Renault et PSA ont pris la pente de la délocalisation
Depuis 2010, le déficit du commerce automobile français ne cesse de plonger : 15,4 milliards d'euros en 2020, 18 milliards en 2021, 19,9 milliards en 2022, 24 milliards en 2023. L’automobile représente près de la moitié du déficit tricolore des produits manufacturés ! En 2004, la filière affichait pourtant un excédent de 12,3 milliards. Les Français aiment certes les Volkswagen, Audi, Mercedes – d’où le déséquilibre de la balance avec l’Allemagne
(-6,4 milliards en 2023).

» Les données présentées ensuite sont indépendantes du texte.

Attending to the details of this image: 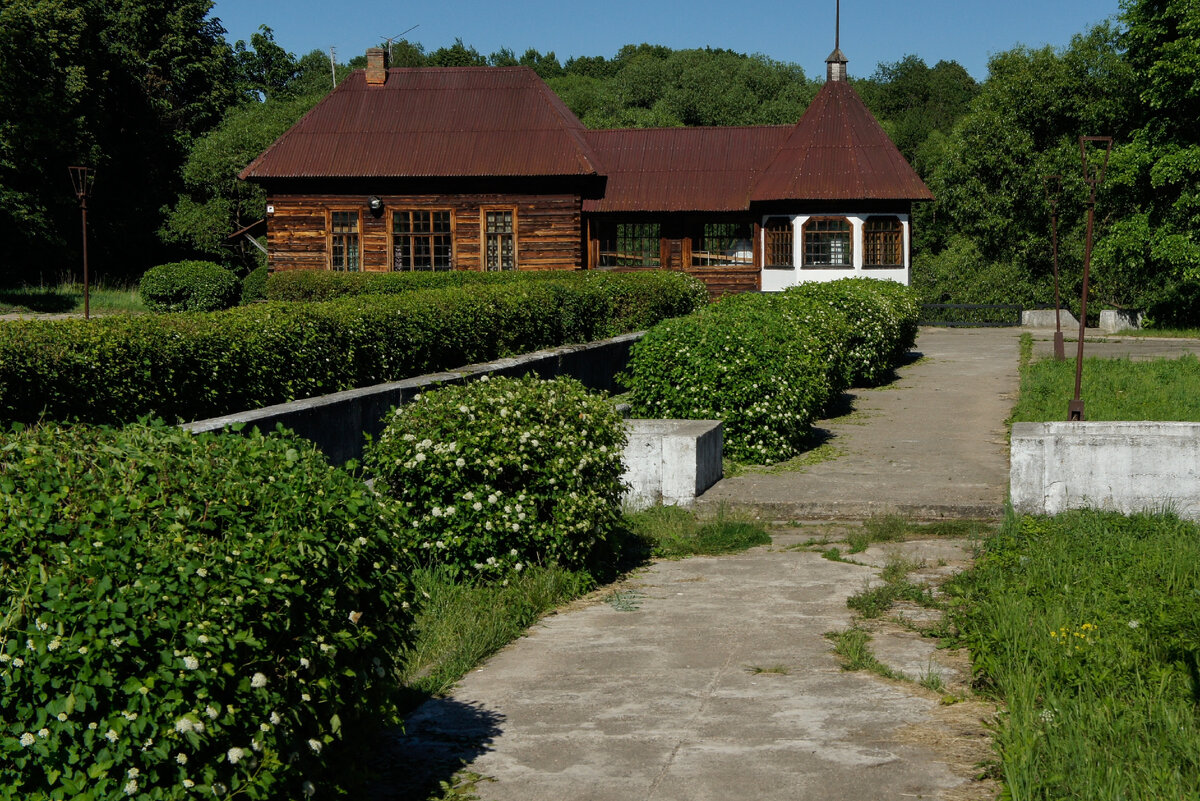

Mais l’Hexagone nourrit surtout un énorme déficit vis-à-vis de l’Espagne, la Slovaquie, la Roumanie et le Maroc (-11 milliards cumulés). La raison essentielle? Les délocalisations de Renault et PSA (devenu Stellantis en 2021). Le creusement du déficit est en effet corrélé à la chute des fabrications dans l’Hexagone. La France n’a produit qu’un peu plus de 1,5 million de véhicules l’an dernier, contre 3,66 millions en 2004. Quant aux seules voitures électriques, « elles sont très minoritairement produites en France », lâche Marc Mortureux, directeur général de la Plateforme automobile française (PFA). Et sur les dix modèles les plus vendus dans l’Hexagone en 2023, un seul était made en France, la Peugeot 308. La Renault Clio? Produite à Bursa (Turquie) et Novo Mesto (Slovénie). Sa rivale, la Peugeot 208? Assemblée à Trnava (Slovaquie), y compris la variante électrique, et Kenitra (Maroc). Les petits SUV Peugeot 2008 et Renault Captur? En Espagne.
Cette délocalisation des années 2010 à début 2020 s’explique principalement par le coût du travail en France. Car Renault comme l’ex-PSA sont spécialistes des petits modèles, les plus sensibles aux prix. Le coût salarial horaire dans l’industrie manufacturière est 4,5 fois plus bas en Roumanie, où sont produites la plupart des Dacia à bas coûts, qu’en France, trois fois moindre en Slovaquie. Le différentiel entre l’Espagne et la France est de 40 %, selon le cabinet Rexecode. Certes, Renault a cédé à la pression de l’Etat actionnaire – à hauteur de 15% – pour produire dans le Nord sa prochaine R5 électrique. Mais Carlos Tavares a dit non à Bruno Le Maire, lorsque le ministre de l’Economie lui a demandé à l’été 2023 de suivre l’exemple : « Stellantis est en condition de se battre contre les chinois, mais ce ne serait pas le cas si on produisait dans des pays à coûts élevés », a affirmé lapidairement le directeur général de Stellantis.